American streetwear brand

Teddy Fresh is an American streetwear brand headquartered in Los Angeles and founded in 2017 by Israeli-American YouTuber and designer Hila Klein.

== History ==
Klein launched the Teddy Fresh apparel range in 2017. The name is based on the mutual love she and her husband, Ethan Klein, had for the name Theodore, or Teddy. “We’ve always just loved it. We kind of thought about a cool teddy bear,” she said. “We just said Teddy Fresh.”

Teddy Fresh products are designed to be “colorful and playful” and are inspired by kids clothing and ‘90s fashion. The apparel is known for featuring pastel and color-block patterns, and products include t-shirts, hoodies, sweaters, and jackets, for men and for women. The brand uses materials such as denim, jacquard, angora wool, and sueded fleece.

Spin-off cosmetics brand Teddy Glow launched in November 2025. The inaugural collection featured a dragon fruit scented lip balm with a Teddy Fresh bear logo charm attached, liquid eyeliner pen with an eraser end, 9-shade shimmer eyeshadow palette, and two shades of liquid blush.

===Controversies===
In 2020, co-founder Ethan Klein accused YouTuber James Charles of copying the color palette and color-block design of Teddy Fresh's most popular hoodie for his Sisters Apparel merchandise. Charles denied that the design had been copied, responding that he had never seen the Teddy Fresh design.

== Collaborations ==
In 2020, Teddy Fresh collaborated with the animated television series SpongeBob SquarePants.
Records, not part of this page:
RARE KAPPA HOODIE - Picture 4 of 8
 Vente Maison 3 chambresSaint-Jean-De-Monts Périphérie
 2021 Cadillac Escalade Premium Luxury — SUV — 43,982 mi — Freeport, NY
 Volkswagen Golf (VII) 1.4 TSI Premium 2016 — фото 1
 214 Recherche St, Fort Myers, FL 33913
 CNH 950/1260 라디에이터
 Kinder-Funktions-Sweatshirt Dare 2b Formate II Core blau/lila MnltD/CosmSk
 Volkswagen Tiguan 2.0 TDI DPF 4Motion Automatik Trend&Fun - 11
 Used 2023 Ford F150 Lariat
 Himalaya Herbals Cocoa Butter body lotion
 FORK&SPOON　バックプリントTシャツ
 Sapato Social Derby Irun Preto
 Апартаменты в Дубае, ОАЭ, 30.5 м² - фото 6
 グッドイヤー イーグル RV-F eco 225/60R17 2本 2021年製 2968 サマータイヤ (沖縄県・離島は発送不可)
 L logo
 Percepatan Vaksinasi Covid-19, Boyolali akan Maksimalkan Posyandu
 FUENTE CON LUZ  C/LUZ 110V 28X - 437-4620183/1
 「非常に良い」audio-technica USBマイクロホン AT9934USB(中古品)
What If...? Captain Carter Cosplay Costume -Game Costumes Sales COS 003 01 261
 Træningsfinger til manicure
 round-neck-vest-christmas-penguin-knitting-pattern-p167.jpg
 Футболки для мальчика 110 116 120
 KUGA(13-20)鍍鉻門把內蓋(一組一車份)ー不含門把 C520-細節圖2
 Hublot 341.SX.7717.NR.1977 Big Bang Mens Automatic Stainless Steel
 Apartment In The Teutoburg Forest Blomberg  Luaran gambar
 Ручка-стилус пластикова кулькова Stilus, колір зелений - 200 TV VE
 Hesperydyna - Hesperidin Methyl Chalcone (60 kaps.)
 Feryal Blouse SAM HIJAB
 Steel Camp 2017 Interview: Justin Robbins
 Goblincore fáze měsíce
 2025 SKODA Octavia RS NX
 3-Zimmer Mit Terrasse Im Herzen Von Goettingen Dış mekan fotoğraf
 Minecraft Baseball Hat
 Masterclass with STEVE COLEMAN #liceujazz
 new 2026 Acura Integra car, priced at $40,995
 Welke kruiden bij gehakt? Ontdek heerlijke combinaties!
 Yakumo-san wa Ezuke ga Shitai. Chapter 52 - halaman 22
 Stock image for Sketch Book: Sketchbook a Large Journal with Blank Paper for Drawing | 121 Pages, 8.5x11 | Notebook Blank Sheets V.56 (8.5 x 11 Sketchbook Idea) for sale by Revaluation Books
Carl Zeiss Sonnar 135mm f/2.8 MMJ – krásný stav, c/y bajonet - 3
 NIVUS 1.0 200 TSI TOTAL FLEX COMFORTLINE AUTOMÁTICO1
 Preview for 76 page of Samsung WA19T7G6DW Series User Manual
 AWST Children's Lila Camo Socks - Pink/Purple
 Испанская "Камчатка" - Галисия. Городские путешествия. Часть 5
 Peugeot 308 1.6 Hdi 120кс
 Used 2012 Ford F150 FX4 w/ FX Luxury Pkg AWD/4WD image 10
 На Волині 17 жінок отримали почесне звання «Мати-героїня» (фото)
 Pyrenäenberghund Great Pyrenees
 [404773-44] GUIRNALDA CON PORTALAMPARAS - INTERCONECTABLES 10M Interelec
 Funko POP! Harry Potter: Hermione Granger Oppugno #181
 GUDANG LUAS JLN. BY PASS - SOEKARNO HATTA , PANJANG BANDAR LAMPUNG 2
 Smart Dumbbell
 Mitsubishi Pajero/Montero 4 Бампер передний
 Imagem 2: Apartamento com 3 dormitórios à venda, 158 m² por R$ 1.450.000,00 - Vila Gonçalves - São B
In 2021, Teddy Fresh released clothing in collaboration with the Care Bears brand.

On November 13, 2021, Teddy Fresh hosted a pop-up event in Los Angeles featuring the brand’s November 2021 collection— a collaboration with the Looney Tunes brand.

In February 2022, Teddy Fresh announced a new collaboration with singer Elton John called Teddy Fresh x Elton John which was “inspired by the way John has revolutionized music and broken boundaries and by his outlandish style and lust for life.” It features "sequins…intricate patchwork and vibrant fabrics that convey Elton’s luxurious and regal taste for fashion and life.”

In March 2023, Teddy Fresh announced a collection using the IP of Toho International's Godzilla property. The collection featured various clothing items and a skateboard deck.

In November 2023, Hasbro announced a collaboration between Teddy Fresh and Magic: The Gathering.